• **The data**

———

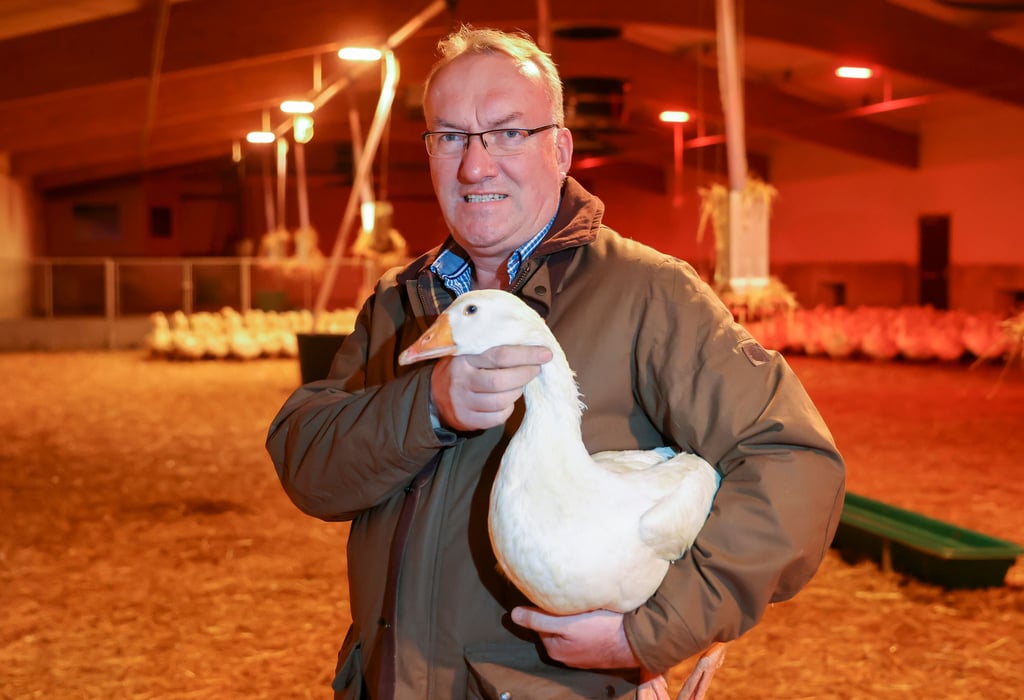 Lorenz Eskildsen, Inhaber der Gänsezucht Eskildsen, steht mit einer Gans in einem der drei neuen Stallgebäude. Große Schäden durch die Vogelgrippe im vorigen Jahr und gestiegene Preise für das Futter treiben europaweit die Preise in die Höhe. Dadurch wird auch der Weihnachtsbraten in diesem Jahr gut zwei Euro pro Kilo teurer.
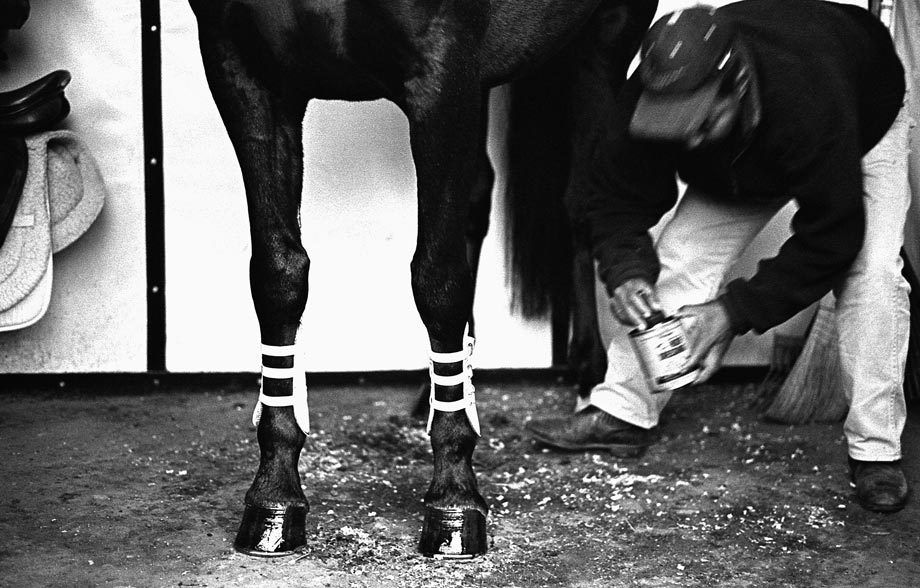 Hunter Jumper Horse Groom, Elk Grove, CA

———

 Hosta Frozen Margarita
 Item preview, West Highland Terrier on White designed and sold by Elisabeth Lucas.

———

• **How to complete this task**
With the pictures omitted, restate word for word the lines above from the line that has "Lorenz Eskildsen, Inhaber" up to and including the line that has "Hunter Jumper Horse Groom, Elk Grove, CA", and no other lines.

• **Answer section**
 Lorenz Eskildsen, Inhaber der Gänsezucht Eskildsen, steht mit einer Gans in einem der drei neuen Stallgebäude. Große Schäden durch die Vogelgrippe im vorigen Jahr und gestiegene Preise für das Futter treiben europaweit die Preise in die Höhe. Dadurch wird auch der Weihnachtsbraten in diesem Jahr gut zwei Euro pro Kilo teurer.
 Hunter Jumper Horse Groom, Elk Grove, CA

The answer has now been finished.